■ **PROBLEM DESCRIPTION**: Before copying, remove every picture, and then repeat all entries below precisely as written.

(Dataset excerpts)
|---|
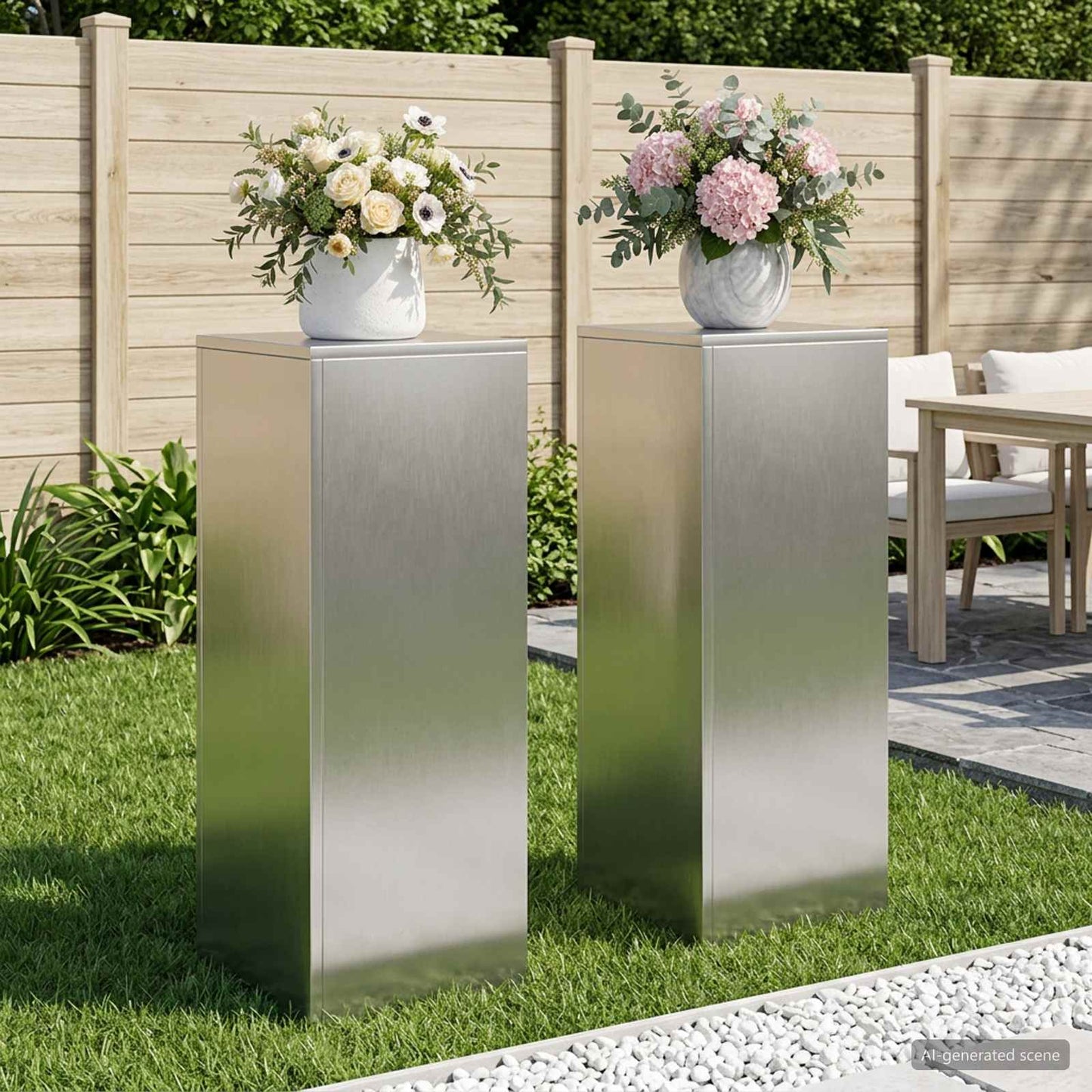 Plant Stand 2 pcs Silver 30 x 30 x 80 cm Steel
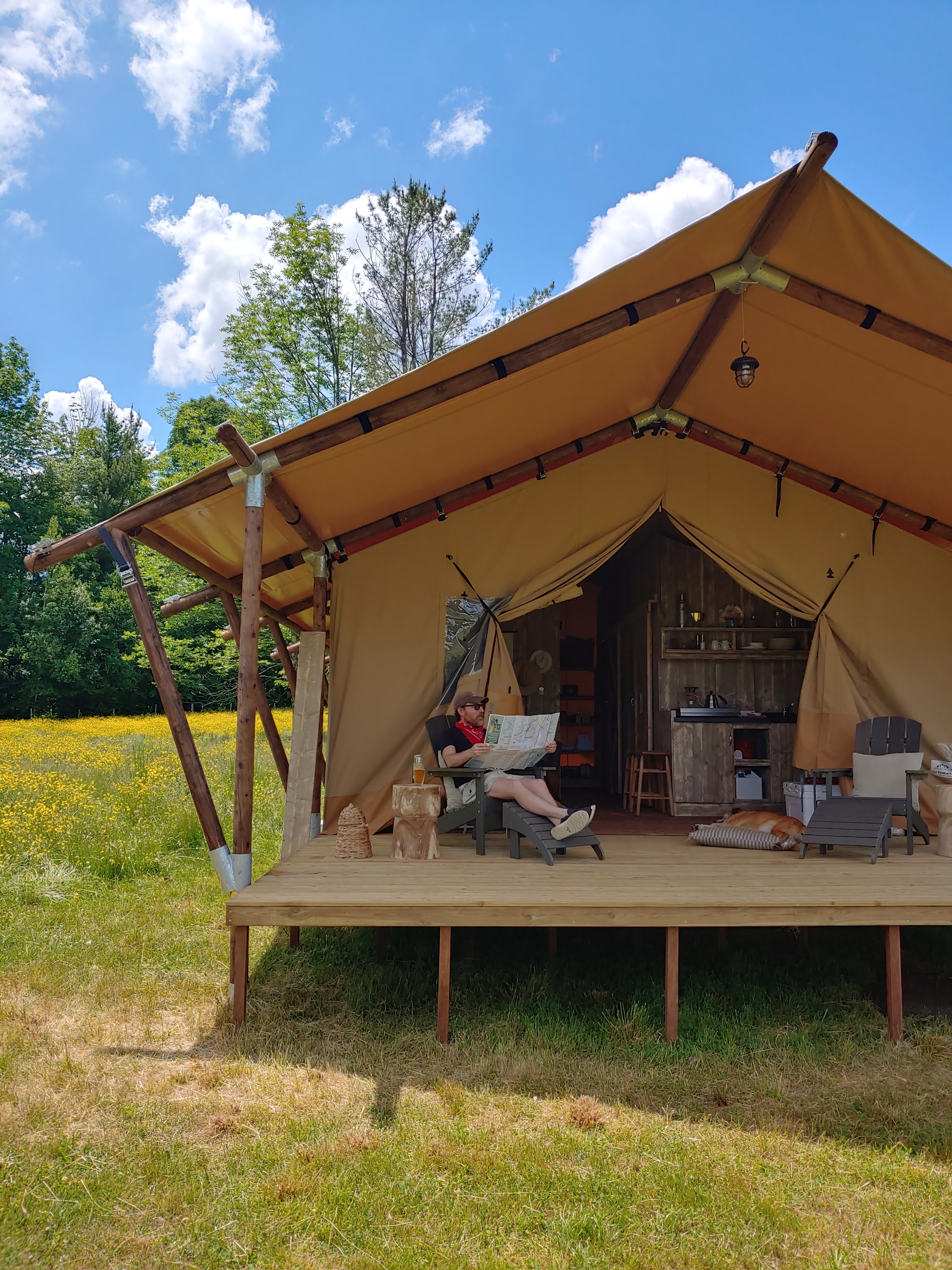 The shady porch is huge, and has great views!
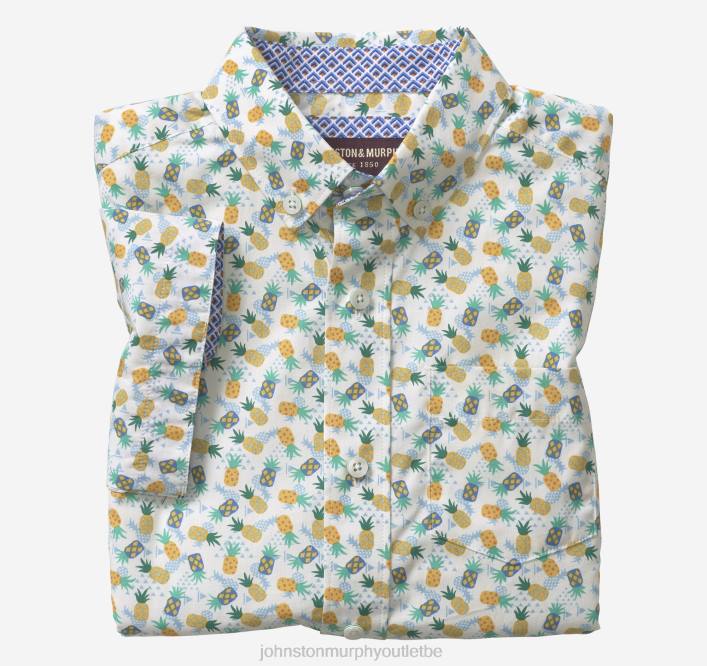Johnston & Murphy garçon chemise imprimée à manches courtes pour garçon TXRN1412 vêtements ananas multi blanc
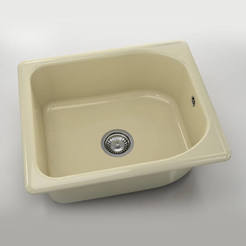 Single kitchen sink 51 x 60 cm, polymer marble, jasmine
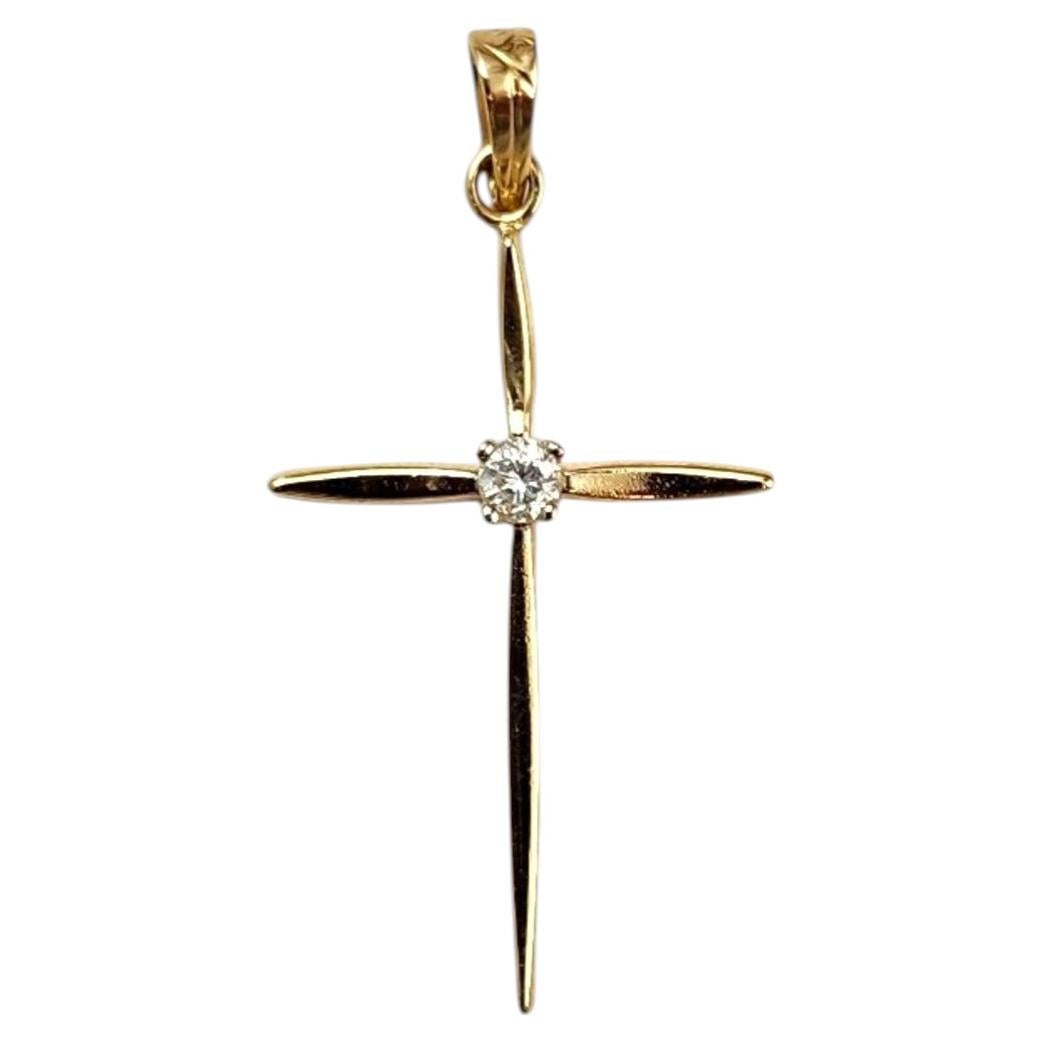 14K Yellow Gold Diamond Cross Pendant #24371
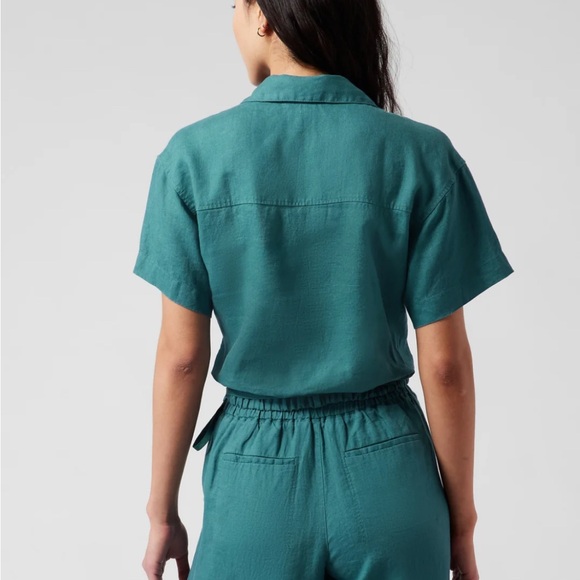 Athleta Playa Linen Teal Wrap Top women’s Small Petite - Picture 3 of 7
|---|
■ **RESPONSE TO THE EXERCISE**:
 Plant Stand 2 pcs Silver 30 x 30 x 80 cm Steel
 The shady porch is huge, and has great views!
Johnston & Murphy garçon chemise imprimée à manches courtes pour garçon TXRN1412 vêtements ananas multi blanc
 Single kitchen sink 51 x 60 cm, polymer marble, jasmine
 14K Yellow Gold Diamond Cross Pendant #24371
 Athleta Playa Linen Teal Wrap Top women’s Small Petite - Picture 3 of 7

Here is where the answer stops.